AI continues to shape cloud strategies, but AI implementation is going slower than most predicted. This is frustrating for technology providers who have made big bets on AI. What’s going on?
A recent survey conducted by Censuswide on behalf of Red Hat polled 609 IT managers across the United Kingdom and other major markets. More than 80% of IT managers reported an urgent AI skills shortage, mainly in areas such as generative AI, large language models (LLMs), and data science. This is up from 72% last year.
The need to sell AI, the need to consume AI, and the inability to do so lead to what I’m calling “AI stagnation,” a complex issue that is confounding many in the AI space, including yours truly.
AI at a near standstill
Technology providers continue to pour resources into AI development, creating advanced tools, platforms, and infrastructure. Tech giants’ and startups’ investments in AI are reaching unprecedented heights, with industry watchers predicting more than $120 billion in funding for AI startups in 2024 alone. The contributions of major players, such as Nvidia, OpenAI, and Anthropic, to a thriving AI market are reminiscent of the dot-com era. This type of capital influx is typically a positive indicator, signaling robust interest and faith in the potential for future returns.
However, while Microsoft, Google, Amazon, and other big providers are investing heavily in AI infrastructure, they also face increasing pressure to foster successful enterprise implementations. Their future growth hinges on capital infusion into cutting-edge technologies and their users’ ability to adopt these solutions effectively.
Moreover, as companies such as Nvidia grapple with operational hiccups in the rollout of innovative AI hardware, the risks surrounding this fast-paced technology become magnified. Performance and reliability issues can adversely affect the perception of AI products, leading potential adopters to hesitate further. Such struggles illustrate the fragile balance between technological aspiration and practical execution.
We need creative solutions to ensure sustained growth for technology providers, particularly the larger cloud companies heavily reliant on widespread AI adoption. The combination of high investment and low adoption could lead to an unsettling environment for technology providers. With AI capabilities becoming increasingly critical for cloud services, the stakes are higher than ever.
Supply that doesn’t follow demand
The story doesn’t end there. Enterprises’ inability to capitalize on these advancements due to a lack of qualified AI talent creates a bottleneck that some liken to an impending AI bubble. Today’s enterprises face an acute shortage of AI specialists—data scientists, machine learning engineers, and AI practitioners—who can drive meaningful initiatives. This talent gap is compounded by soaring salaries and competitive job markets, making it increasingly difficult to find skilled professionals.

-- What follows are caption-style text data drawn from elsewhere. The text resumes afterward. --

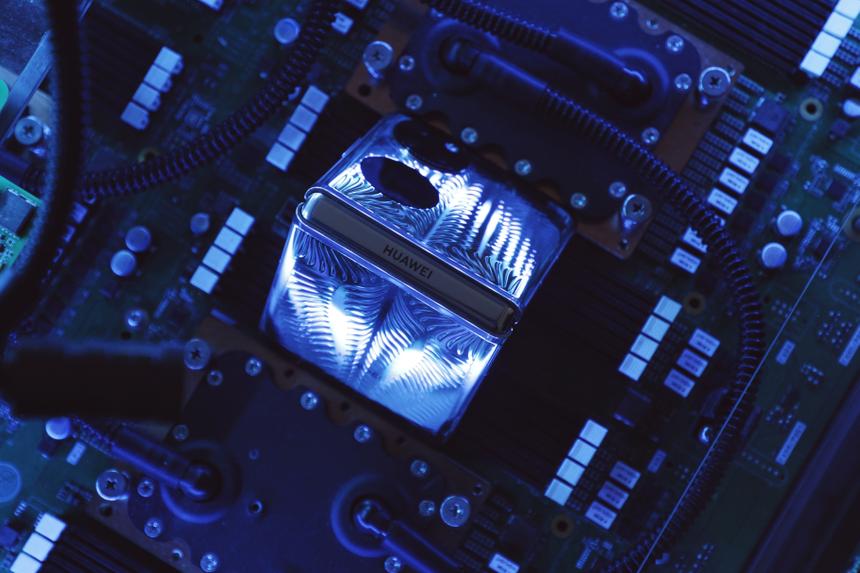 HUAWEI привезла в Россию смартфон с лучшей в мире камерой, эффектную раскладушку и наушники-помаду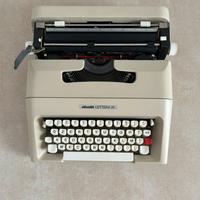Macchina da scrivere Olivetti Lettera 35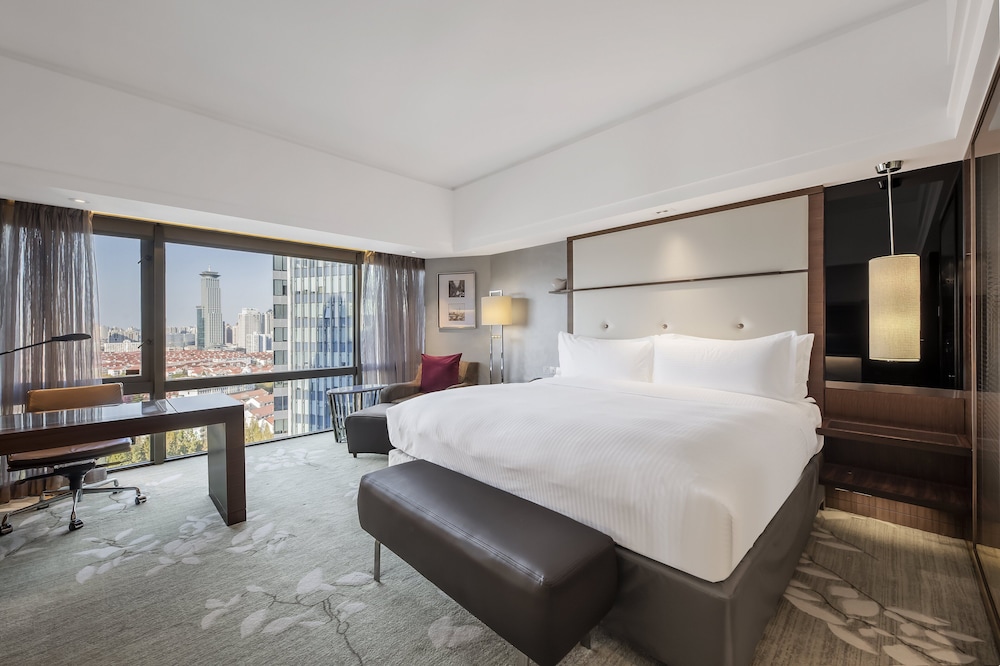 Intercontinental Shanghai Pudong 20/78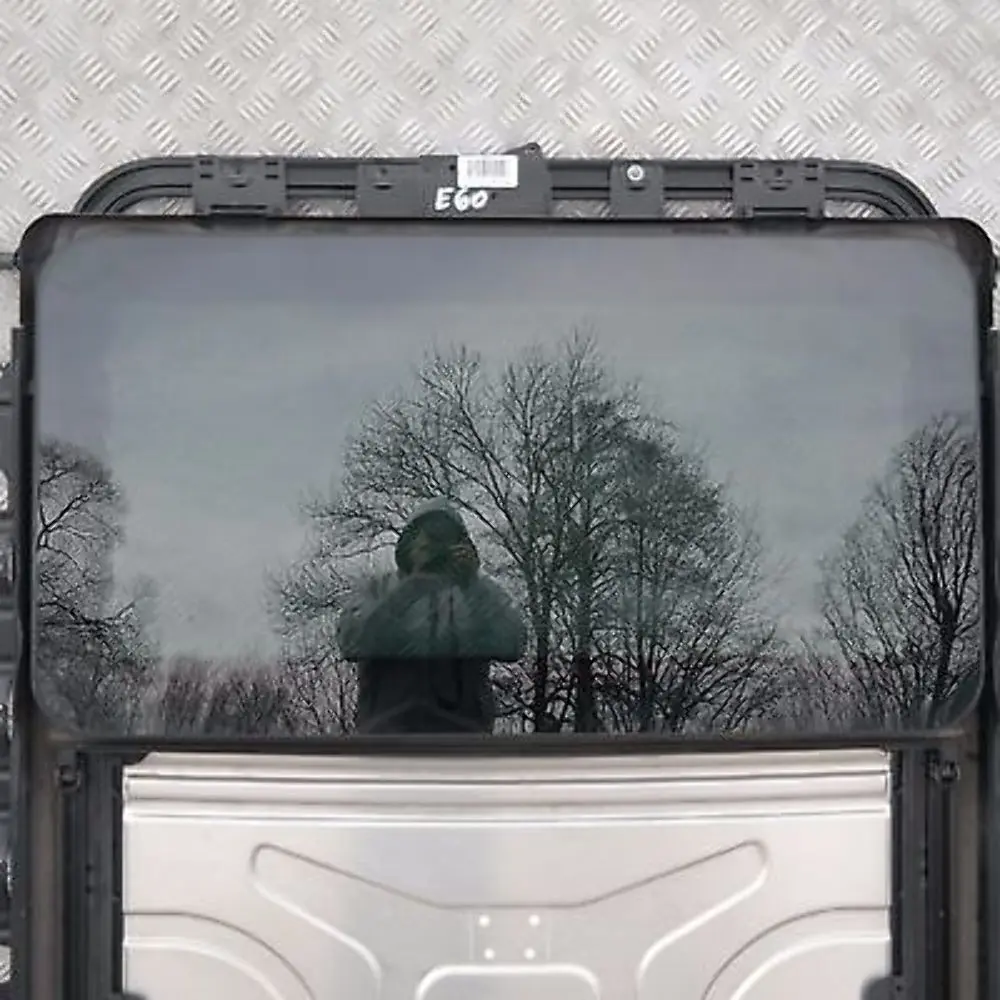 Sliding Roof Frame Sunroof Glass Mechanism to BMW 5 Series E60 M5 with Part number 54137033544 BMW 5 Series E60 M5 Sliding Roof Frame Sunroof Glass Mechanism - SKU 7161481 - Part number 54137033544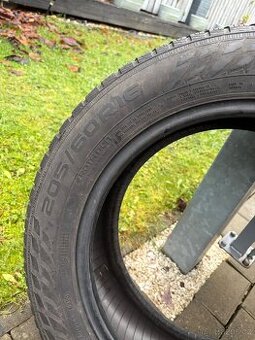 pneu kusovka Nokian Snowproof 205/60 R16 5,5mm
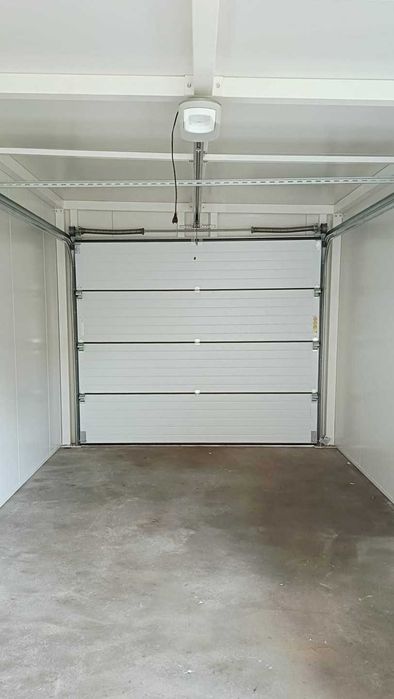 Garaż izolowany jednostanowiskowy, pomieszczenie gospodarcze warsztat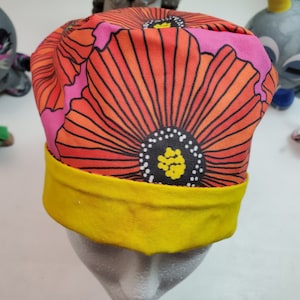 Scarlet poppies on fuschia with coordinating print pixie scrub cap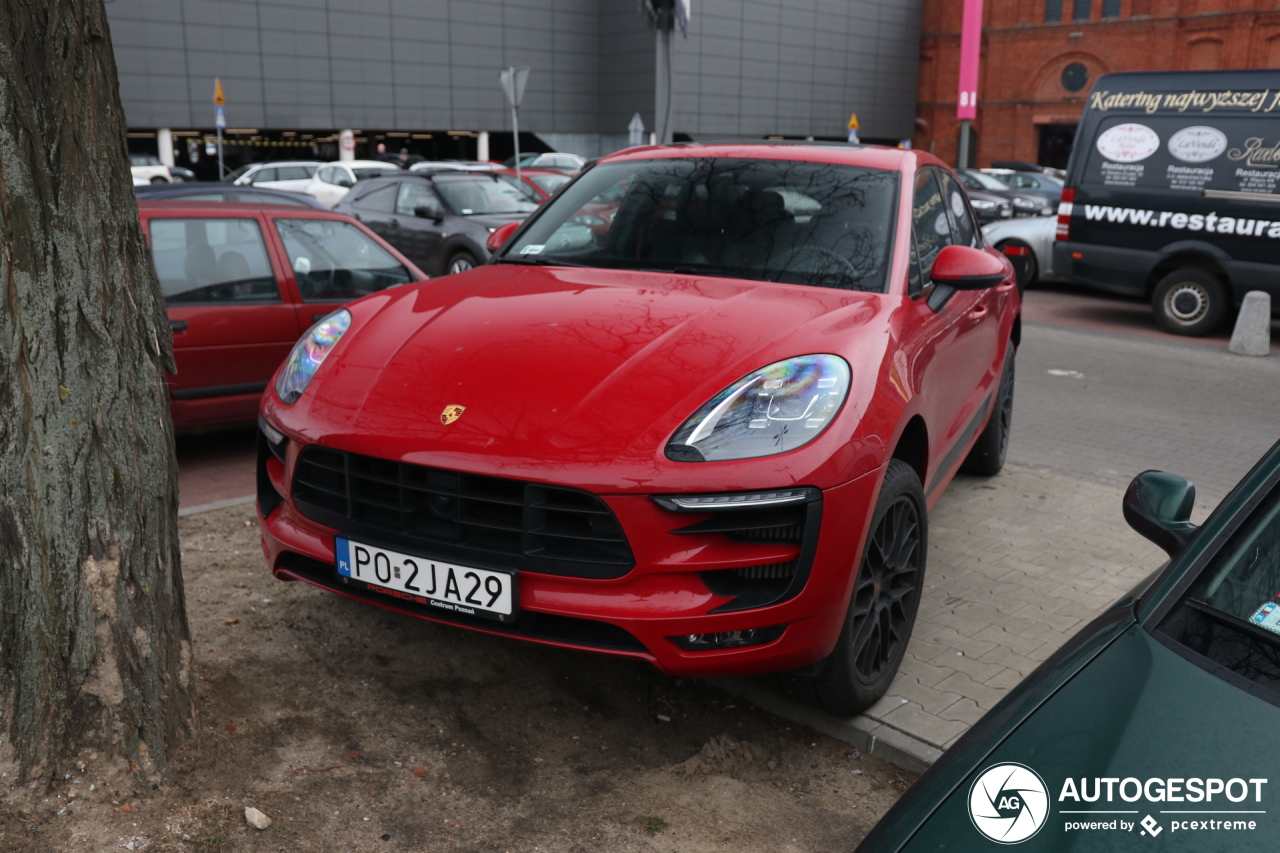 Porsche 95B Macan GTS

This significant talent shortage means that enterprises cannot implement AI technologies. This stifles innovation. This disconnect between high levels of investment and the slowing pace of AI adoption underscores the need for a more strategic approach, bridging the gap between technological advancements and practical applications. This is what it will take to get us out of the AI stagnation intersection.
The ramifications of AI stagnation extend beyond mere numbers; they strike at the heart of competitive positioning within the technology sector. As enterprises delay AI implementations, cloud providers could be caught in a feedback loop where unmet expectations lead to disillusionment and reduced investment confidence. This dynamic could trigger a market reevaluation, placing even the most promising AI ventures under scrutiny.
What can we expect?
Implementing AI isn’t merely about acquiring advanced tools; it necessitates a comprehensive strategy that includes adequate training, culture shifts, and ongoing support. Organizations need to cultivate an environment where AI can thrive, assuring both leadership and the workforce that the investments will generate tangible returns. This is why addressing the talent shortage is not just a matter of filling roles but building capabilities that align with long-term objectives.
What lies ahead for AI adoption remains uncertain. Although pressures mount, most organizations will eventually navigate these initial roadblocks and realize significant long-term productivity gains. The key is to stay optimistic amidst short-term volatility, recognizing that the current challenges are not insurmountable.
Who is going to fix this?
What should everyone do to get AI started again and return major business value for the major investments? Technology providers and enterprises both have some work to do.
Technology providers should:
- Collaborate with educational institutions to offer training programs that teach employees AI and data science skills.
- Create user-friendly tools and support services that ease the integration of AI technologies into businesses.
- Form strategic alliances with universities and startups to share resources and create comprehensive AI solutions.
- Tailor AI offerings to meet the unique needs of various sectors, showcasing immediate value through relevant case studies.
Enterprises should:
- Build internal training programs to upskill staff and recruit diverse talent focused on AI.
- Encourage experimentation with AI technologies in a collaborative environment.
- Pilot AI projects to understand benefits and obstacles before scaling.
- Invest in data management practices to prepare for effective AI use.
- Align AI initiatives with business goals and establish metrics to track success.
The trouble now is that enterprises and technology providers are staring at each other, each hoping the other fixes the problem. Sadly, it doesn’t work that way.